> **The data**:

────────────────────────────────────────

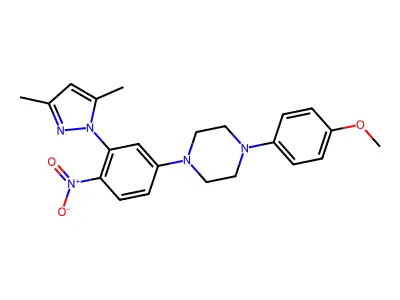 1-[3-(3,5-Dimethylpyrazol-1-yl)-4-nitrophenyl]-4-(4-methoxyphenyl)piperazine structure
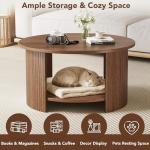 OneBlis Round Coffee Table with Storage, 31.5" Modern Fluted Center Table, 2-Tier Mid Century Coffee Table, Wood Circle Table for Living Room, Home Office, Small Space, Walnut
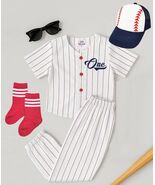 Baby Baseball Outfit - Red Pinstripe Jersey, Hat, Socks, 1st Birthday Set - $40.00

────────────────────────────────────────

> **Work request**:
When the listing is transcribed, every line must match the original exactly, and the pictures must be left out.

> **Solution for this exercise**:
 1-[3-(3,5-Dimethylpyrazol-1-yl)-4-nitrophenyl]-4-(4-methoxyphenyl)piperazine structure
 OneBlis Round Coffee Table with Storage, 31.5" Modern Fluted Center Table, 2-Tier Mid Century Coffee Table, Wood Circle Table for Living Room, Home Office, Small Space, Walnut
 Baby Baseball Outfit - Red Pinstripe Jersey, Hat, Socks, 1st Birthday Set - $40.00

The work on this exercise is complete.